Opinion
Case No. 05-49642, Adversary No. 08-03359.
April 29, 2009
MEMORANDUM OPINION
In 2005, the Commission for Lawyer Discipline brought a disciplinary action against debtor Richard Tindall. On March 10, 2005, the Evidentiary Panel of the State Bar issued a judgment sanctioning Tindall. The sanctions included disbarment and assessment of attorneys' fees in the amount of $23,900.00 and costs in the amount of $3,607.76.
On October 13, 2005, Tindall filed a chapter 7 bankruptcy petition. On September 29, 2008, the CLD filed an adversary proceeding objecting to the discharge of the State Bar judgment under 11 U.S.C. § 523(a)(7). The parties stipulated to the facts and filed cross motions for summary judgment on a single issue: whether the State Bar judgment constituted a non-dischargeable fine or penalty to a government unit under § 523(a)(7).
On April 25, 2006, the Court issued Tindall's bankruptcy discharge under 11 U.S.C. § 727. However, the general discharge issued pursuant to § 727 is subject to the exceptions to discharge provided by § 523.
For the reasons set forth below, the Court finds that the judgment is non-dischargeable under § 523(a)(7).
Jurisdiction
The Court has jurisdiction of this matter under 28 U.S.C. § 1334. This is a core matter under 28 U.S.C. § 157(b)(I). Venue is proper in this District pursuant to 28 U.S.C. § 1409.
Summary Judgment Standard
A party seeking summary judgment may demonstrate: (i) an absence of evidence to support the non-moving party's claims or (ii) the absence of a genuine issue of material fact. Warfield v. Byron, 436 F.3d 551, 557 (5th Cir. 2006); Condrey v. SunTrust Bank of Ga., 429 F.3d 556, 562 (5th Cir. 2005). Material facts are those that could affect the outcome of the action or could allow a reasonable fact finder to find in favor of the non-moving party. DIRECTV, Inc. v. Budden, 420 F.3d 521, 529 (5th Cir. 2005).

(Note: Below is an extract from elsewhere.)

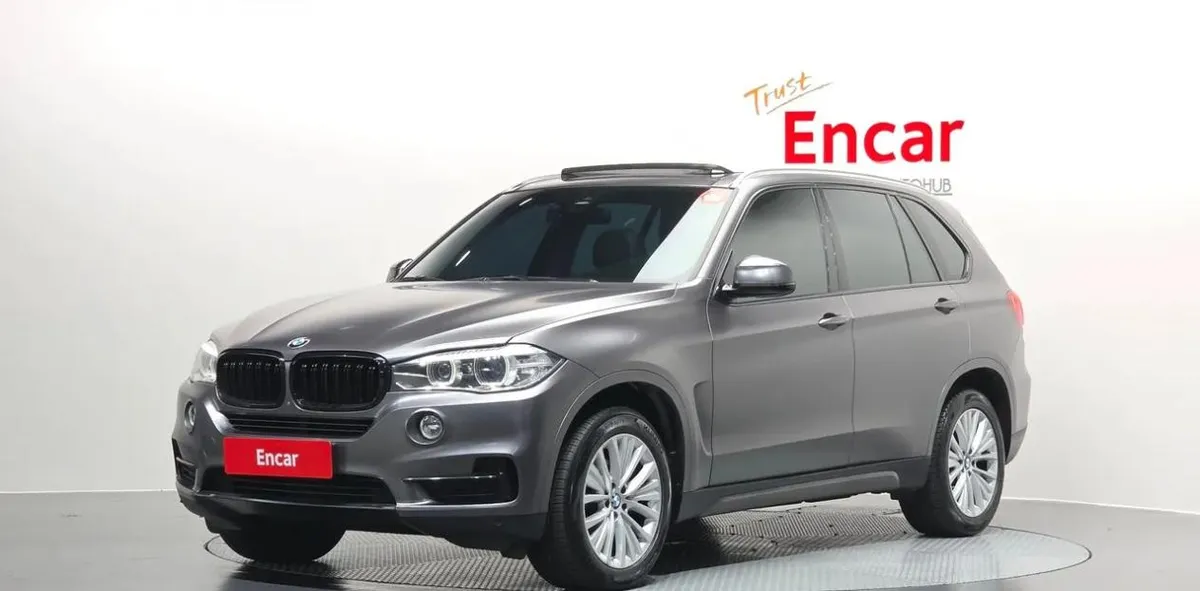 BMW X5 КОМФОРТ-САЛОН ПАНОРАМА ДОВОДЧИКИ ДВЕРЕЙ ЭЛЕКТРОПРИВОД БАГАЖНИКА КАМЕРЫ И ПОЛНЫЙ ПАКЕТ АССИСТЕНТОВ. С 2017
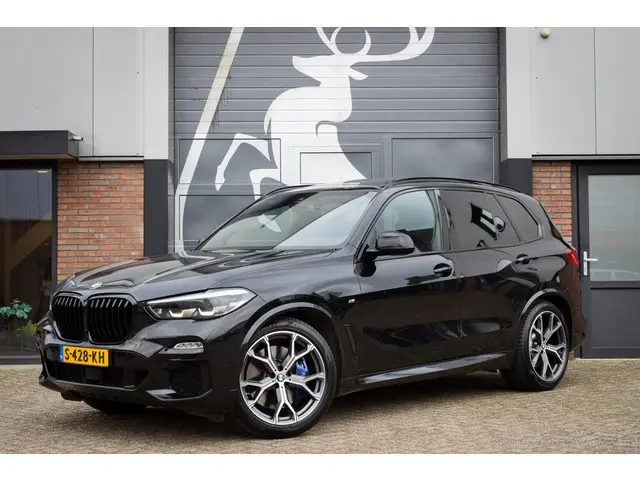 BMW X5 xDrive40i High Executive 2018 Benzine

The evidentiary support needed to meet the initial summary judgment burden depends on whether the movant bears the ultimate burden of proof at trial. At all times, a court views the facts in the light most favorable to the non-moving party. Rodriguez v. ConAgra Grocery Products, Co., 436 F.3d 468, 473 (5th Cir. 2006). However, to weigh evidence would result in a credibility determination that is not part of the summary judgment analysis. Hunt v. Rapides Healthcare Sys., LLC, 277 F.3d 757, 762 (5th Cir. 2001); See MAN Roland, Inc. v. Kreitz Motor Express, Inc., 438 F.3d 476, 478 (5th Cir. 2006). A court is not obligated to search the record for the non-moving party's evidence. Malacara v. Garber, 353 F.3d 393, 405 (5th Cir. 2003).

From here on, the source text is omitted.